BEGIN Data

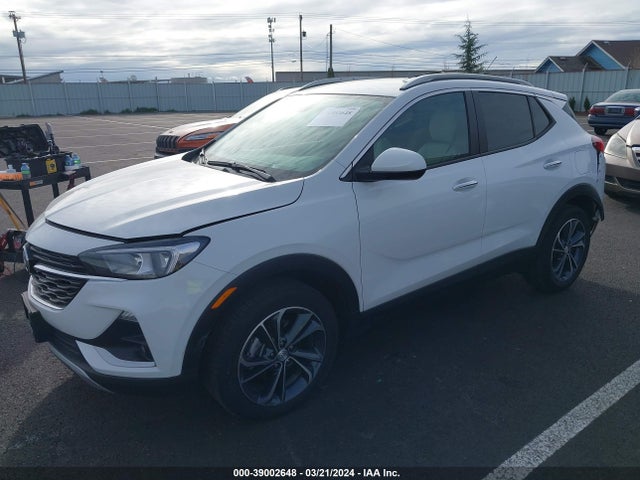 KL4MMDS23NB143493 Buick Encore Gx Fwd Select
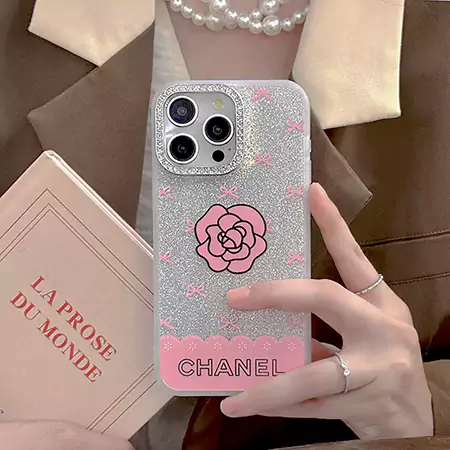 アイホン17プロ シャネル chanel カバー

END Data
BEGIN Data

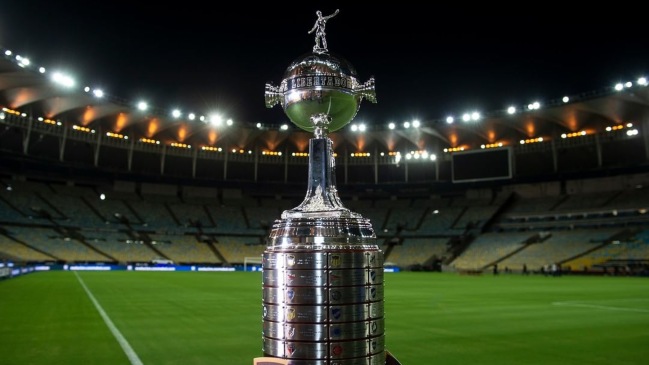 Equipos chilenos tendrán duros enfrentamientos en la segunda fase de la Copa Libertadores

END Data

-- Problem description --
Reproduce exactly the lines of the data above that run from the line with "KL4MMDS23NB143493 Buick Encore Gx Fwd Select" down to the line with "アイホン17プロ シャネル chanel カバー", both ends included. Pictures do not belong in the copy.

-- Task response --
 KL4MMDS23NB143493 Buick Encore Gx Fwd Select
 アイホン17プロ シャネル chanel カバー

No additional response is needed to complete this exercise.